Task prompt => Please repeat, exactly as written, every line from the one containing "Forme Power Bra" through the last line of the records, both included, and leave out any pictures.

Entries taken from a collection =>
Start of Block

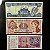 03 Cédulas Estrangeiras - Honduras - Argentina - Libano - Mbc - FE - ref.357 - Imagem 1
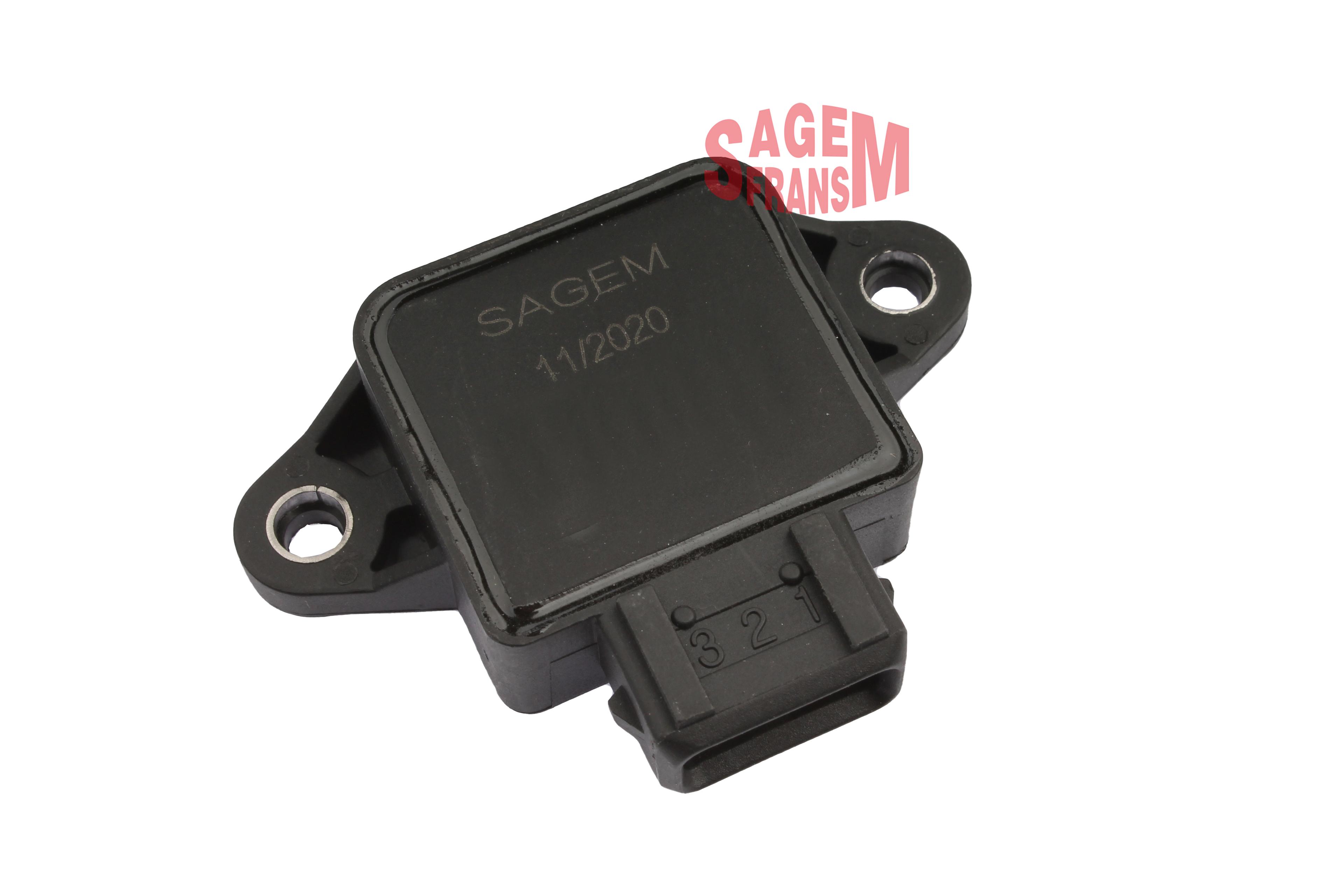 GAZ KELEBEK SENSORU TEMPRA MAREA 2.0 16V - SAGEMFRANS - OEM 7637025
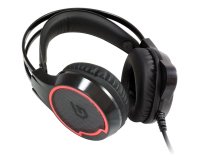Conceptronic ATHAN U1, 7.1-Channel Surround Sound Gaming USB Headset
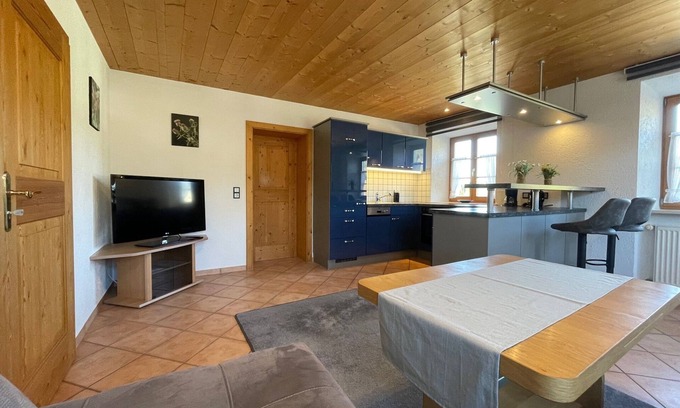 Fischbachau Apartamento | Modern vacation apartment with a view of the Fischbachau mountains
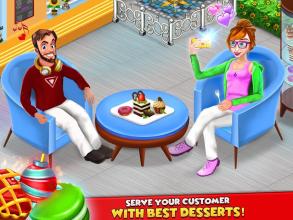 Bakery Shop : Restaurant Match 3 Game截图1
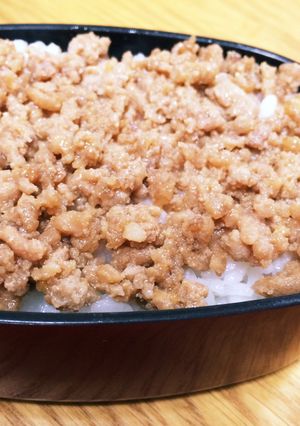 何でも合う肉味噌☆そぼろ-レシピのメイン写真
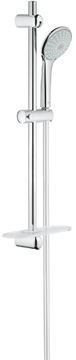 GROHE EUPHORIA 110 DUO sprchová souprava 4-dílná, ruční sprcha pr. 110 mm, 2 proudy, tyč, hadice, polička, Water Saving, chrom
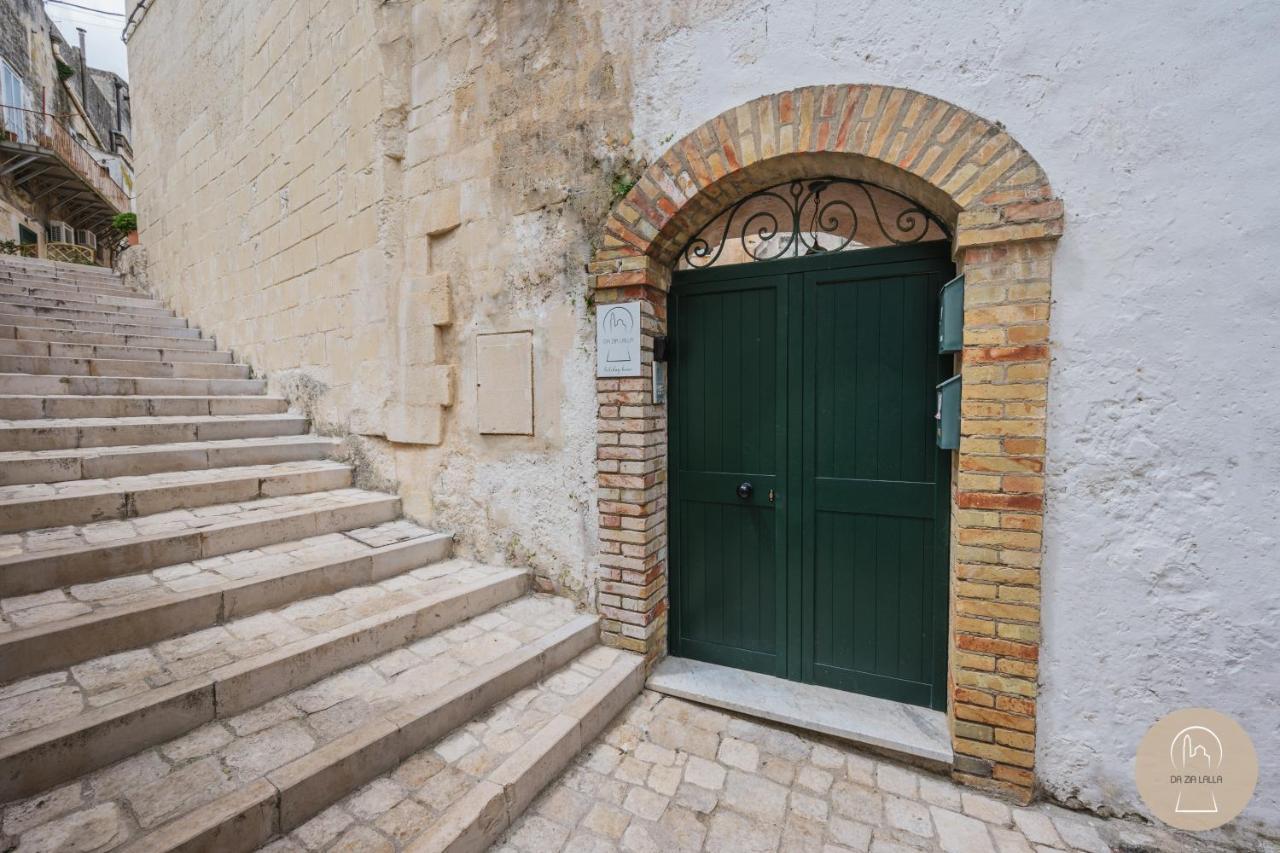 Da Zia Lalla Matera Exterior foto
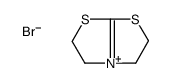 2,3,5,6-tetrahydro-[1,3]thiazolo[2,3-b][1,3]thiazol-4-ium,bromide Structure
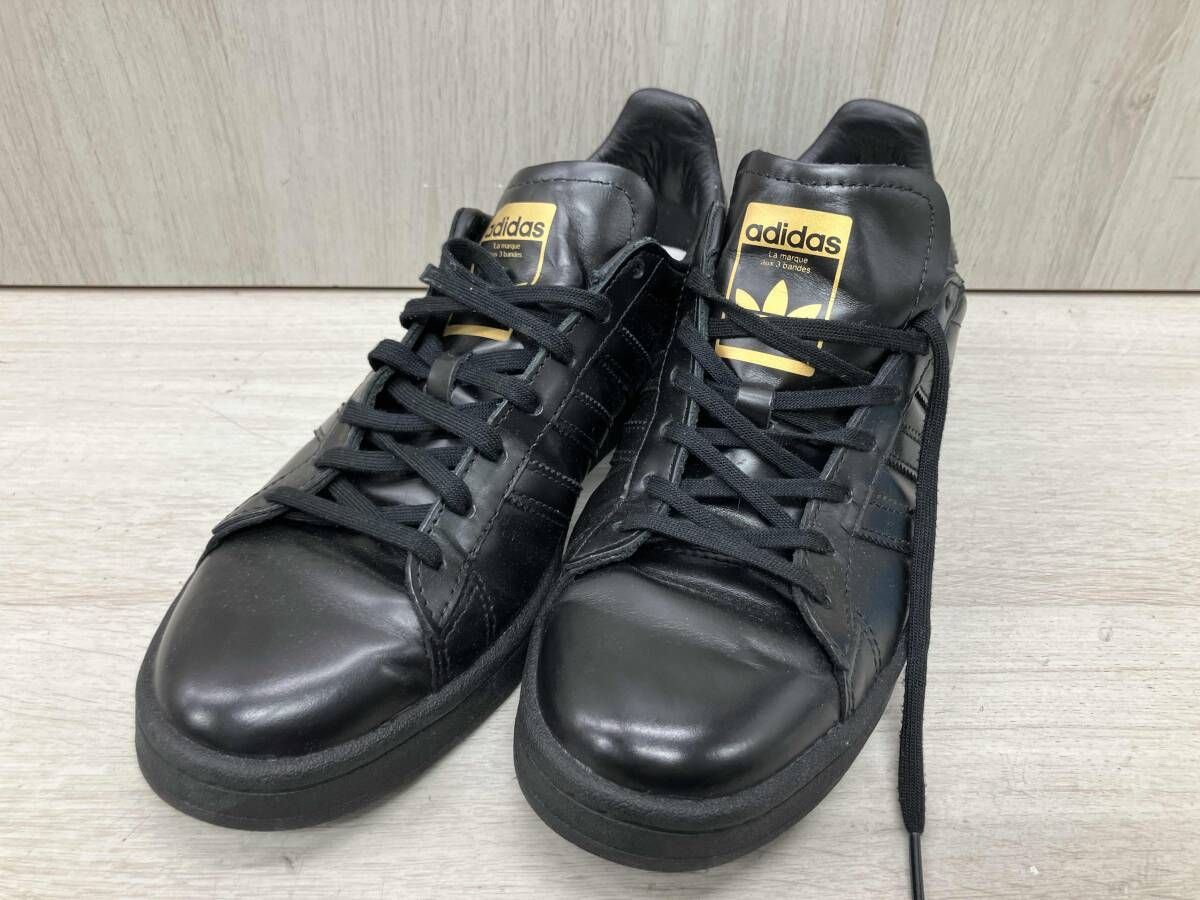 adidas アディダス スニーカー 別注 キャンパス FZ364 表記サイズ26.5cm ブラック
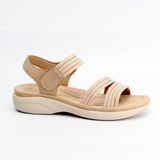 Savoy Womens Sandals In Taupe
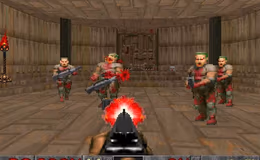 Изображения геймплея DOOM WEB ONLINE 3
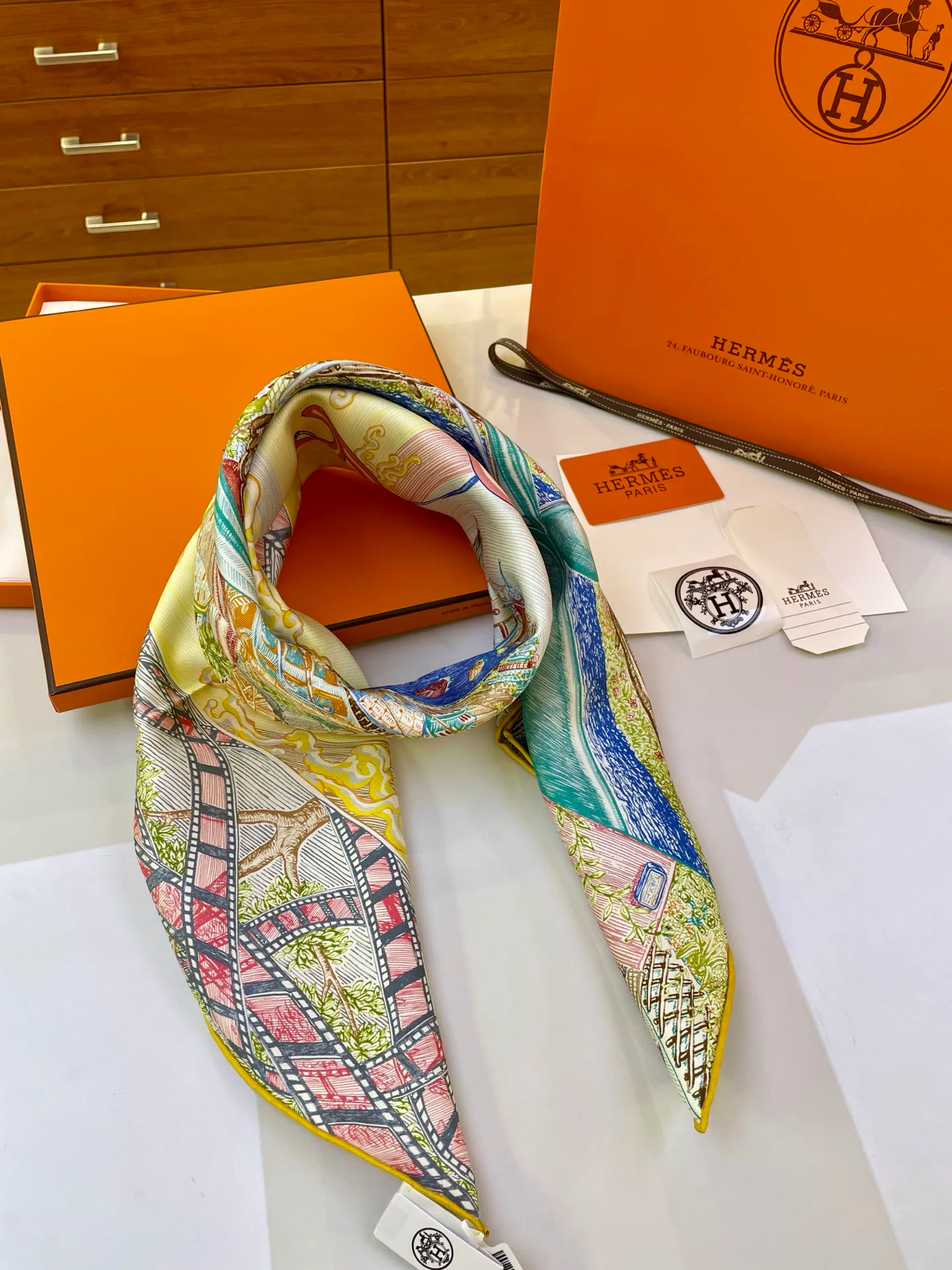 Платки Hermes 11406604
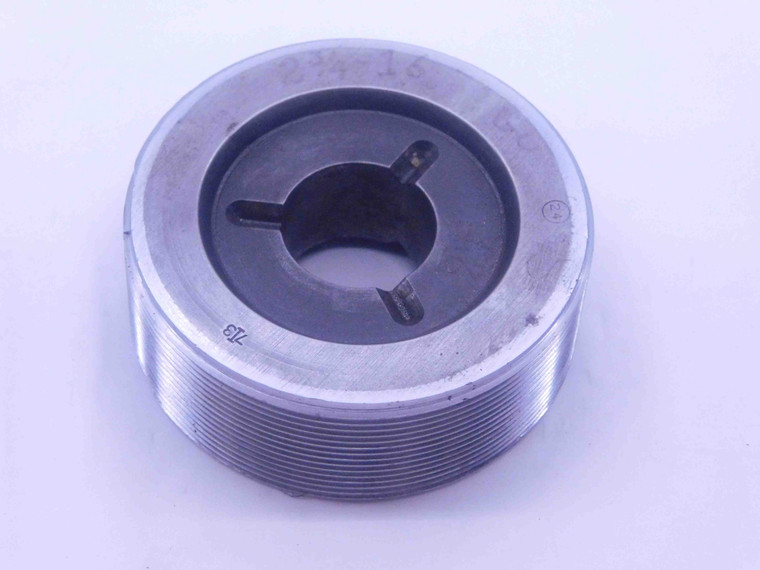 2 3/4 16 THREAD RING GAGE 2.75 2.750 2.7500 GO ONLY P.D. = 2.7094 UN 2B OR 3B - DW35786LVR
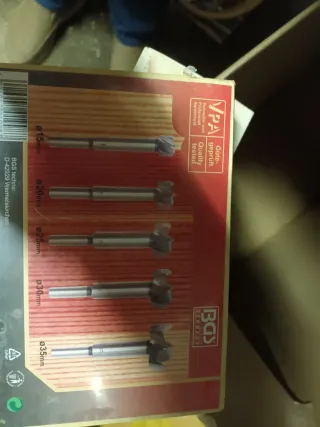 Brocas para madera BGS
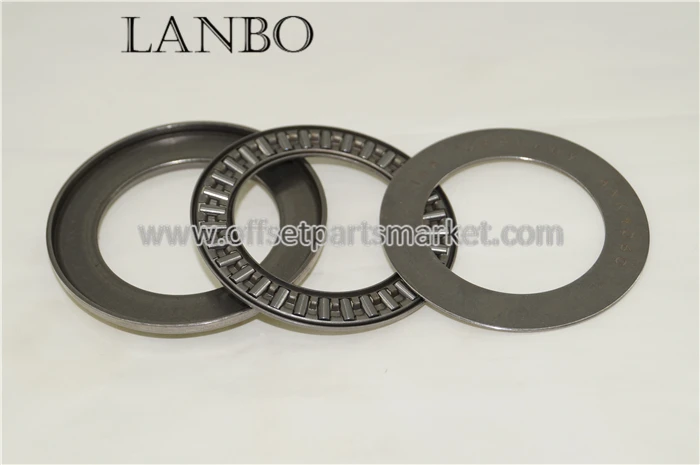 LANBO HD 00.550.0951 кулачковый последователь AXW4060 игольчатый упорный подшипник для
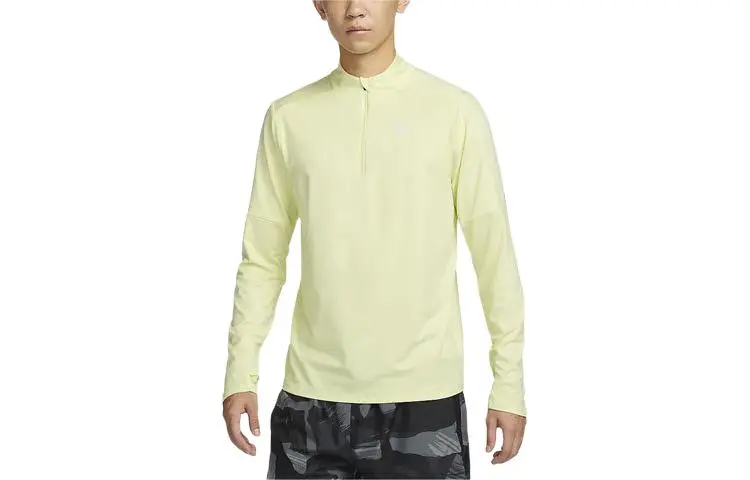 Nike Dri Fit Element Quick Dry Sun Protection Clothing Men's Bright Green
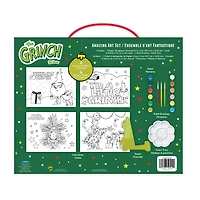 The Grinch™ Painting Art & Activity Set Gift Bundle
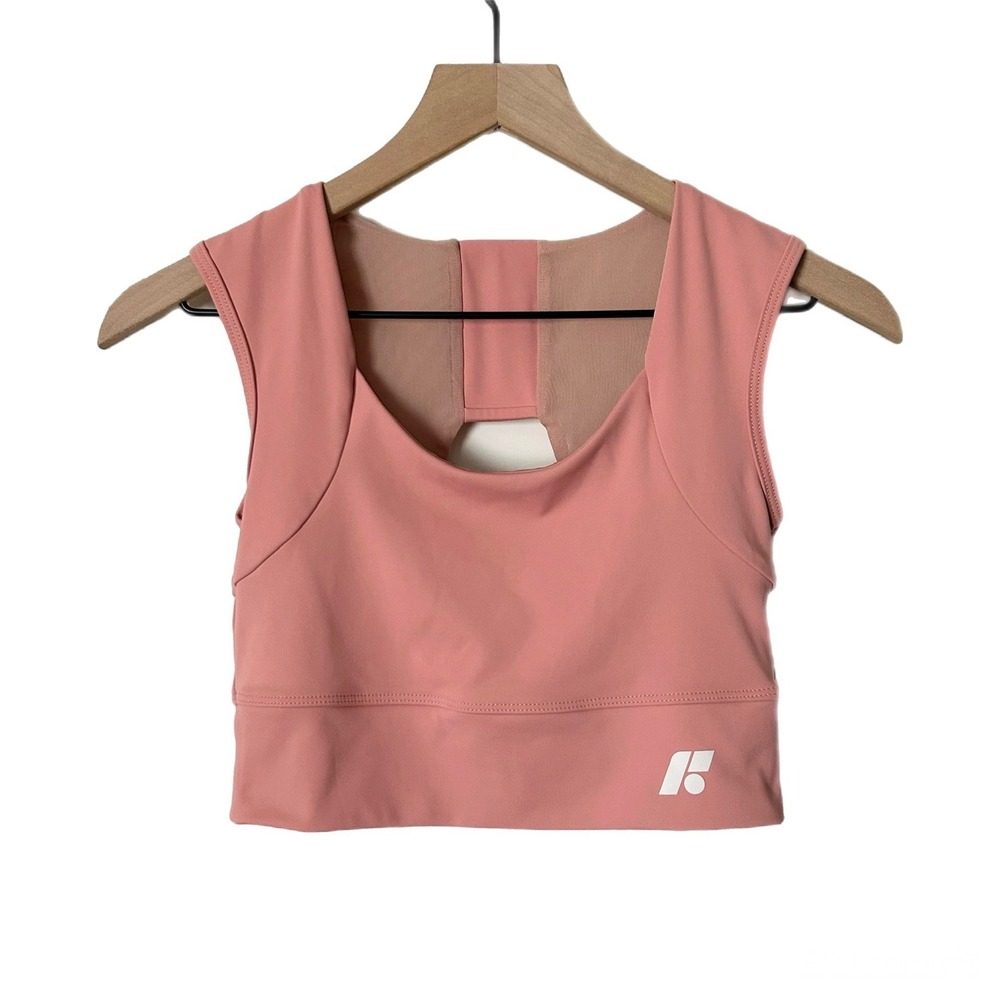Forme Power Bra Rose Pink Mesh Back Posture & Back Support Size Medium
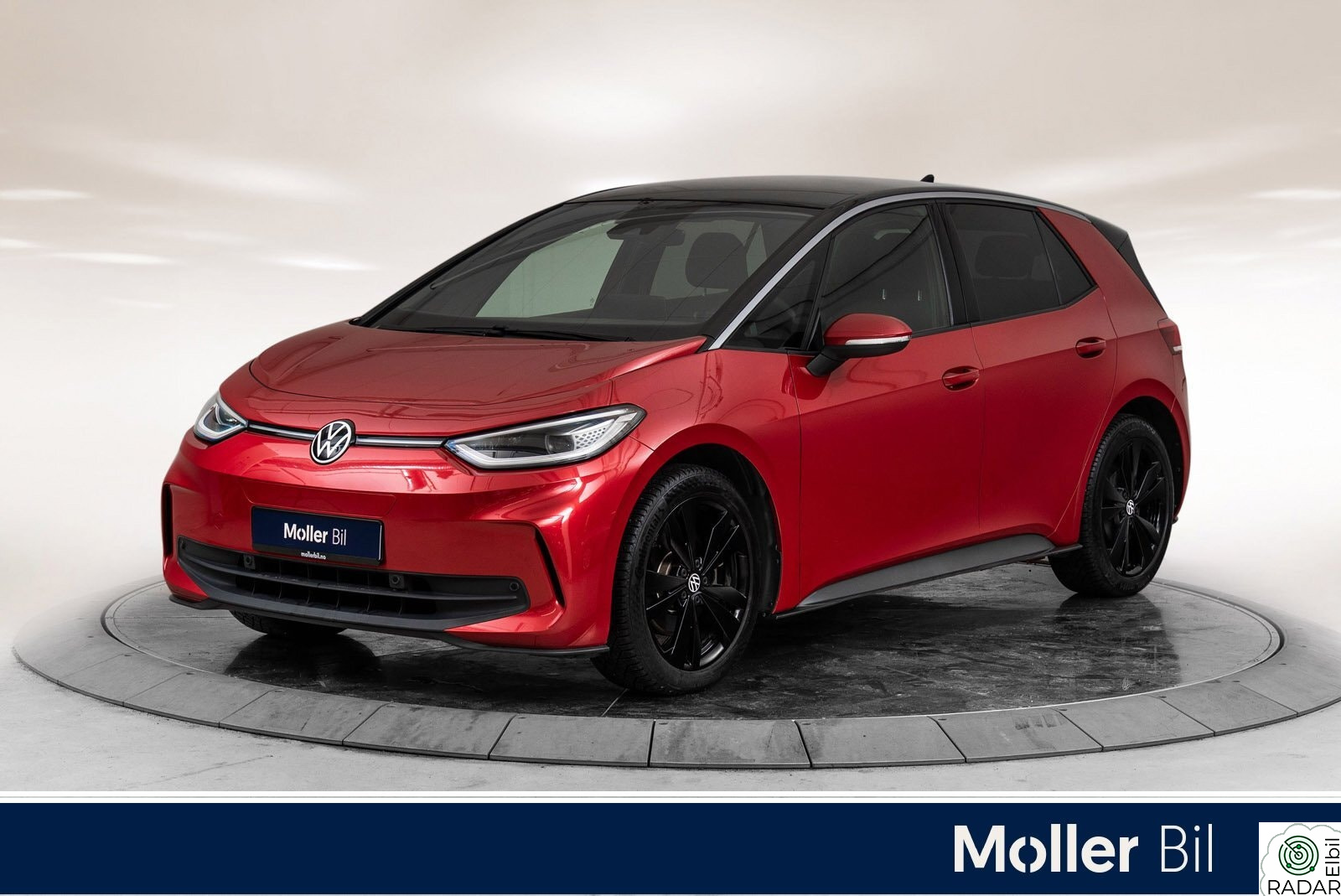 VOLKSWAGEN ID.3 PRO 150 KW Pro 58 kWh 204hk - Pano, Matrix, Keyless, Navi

End of Block

Your solution =>
Forme Power Bra Rose Pink Mesh Back Posture & Back Support Size Medium
 VOLKSWAGEN ID.3 PRO 150 KW Pro 58 kWh 204hk - Pano, Matrix, Keyless, Navi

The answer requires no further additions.